Little more need be said about the wall-messages here.  It seems clear that they could have been produced normally by Mrs Foyster, and we consider that the necessarily meagre clues contained in the writings themselves would appear to indicate, if they indicate anything one way or the other, that they were so normally produced.  But the responsibility for the messages can only be considered fully in common with the whole of the Foyster 'phenomena', of which they form a curious part, in relation to the question of normal causation as opposed to paranormality.

 

A very curious episode brought abruptly to an end the spate of 'phenomena' which had started soon after the Foysters arrived at the rectory and had persisted for fifteen months to January 1932.  In this month a spiritualist circle in Marks Tey, Essex, offered to rid the rectory of its ghost.  Mr Foyster agreed to their suggestion of spending a night at the rectory and holding a séance, with the medium Guy L'Estrange present, to contact the restless spirit causing all the trouble.  Curiously enough, the name of the nun whose ghost was exorcised by the Marks Tey circle was 'Evangeline Westcott' and not 'Marie Lairre' (EBR, p. 327).  Mr Foyster records the event as follows (Summary of Experiences):

January 23-24 [1932] ... Directly they come throwing begins ... Great demonstrations - bottles dashing down back stairs, kitchen passage strewn with broken glass, etc.; bells ringing.  Quieted down for a time, ... Party [of spiritualists] stay till 5 a.m., & then leave with the belief that trouble has been arrested.  Next morning the house entirely different: demonstrations definitely stop (with two exceptions) ... till 1935. (1)

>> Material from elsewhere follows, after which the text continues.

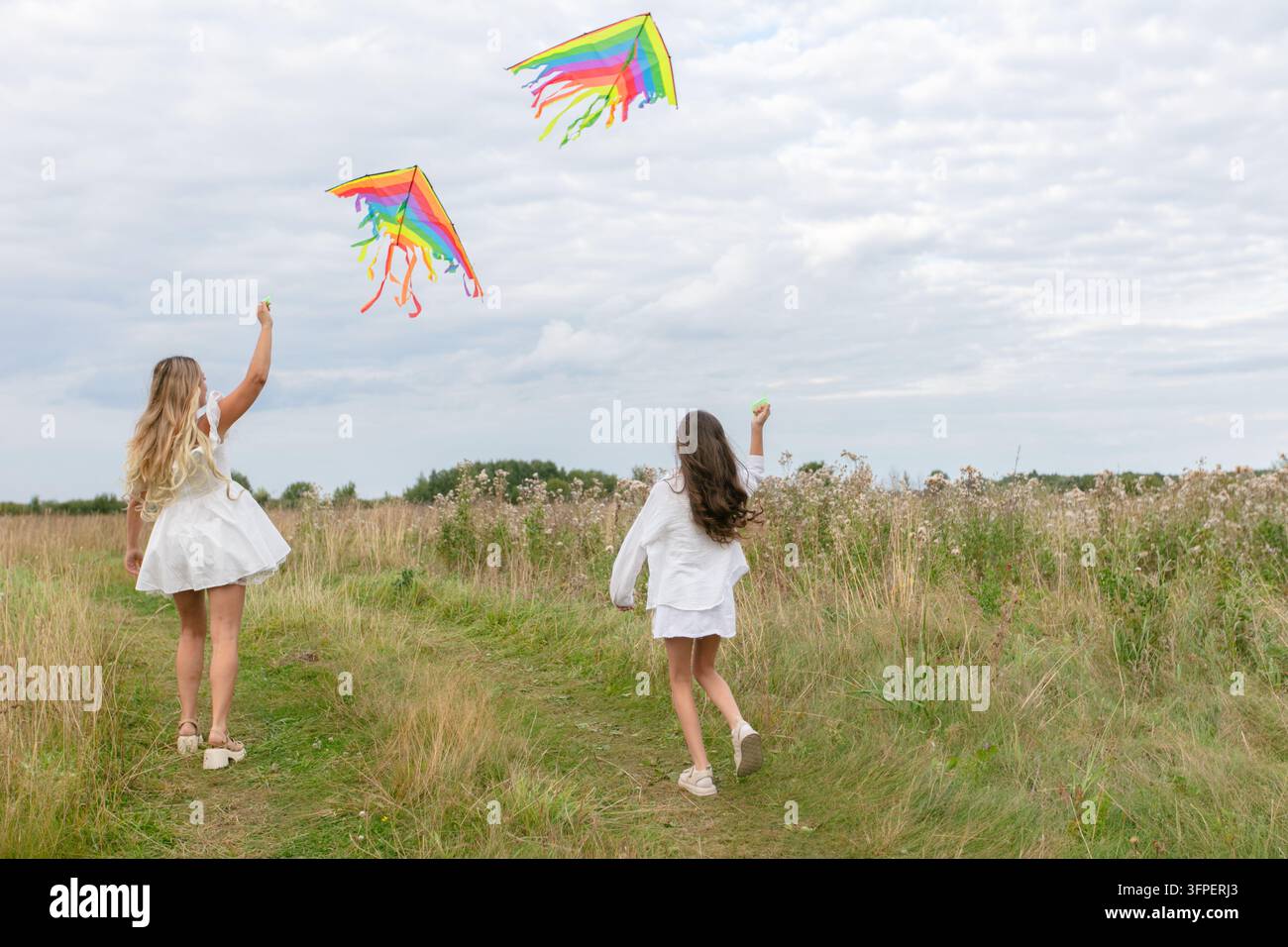 Mamma e figlia in abiti bianchi corrono attraverso un campo erboso, volano allegramente serpenti d'aria luminosi sullo sfondo di nuvole morbide. Celebrano Foto Stock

1935. Some indications of a little trouble starting up again.  A few things disappear in unaccountable ways.

August [5] bank holiday ... Noises, much like a picture falling heard in drawing-room … These continue at intervals, some upstairs.  About 13 or 14 bangs heard altogether.

With these slight exceptions, the 'haunt' appeared to be at an end, and in October 1935 the Foysters left Borley for good.

1 The spiritualists attributed the two exceptions to 'a little spare power floating around unused' (MHH, p. 83).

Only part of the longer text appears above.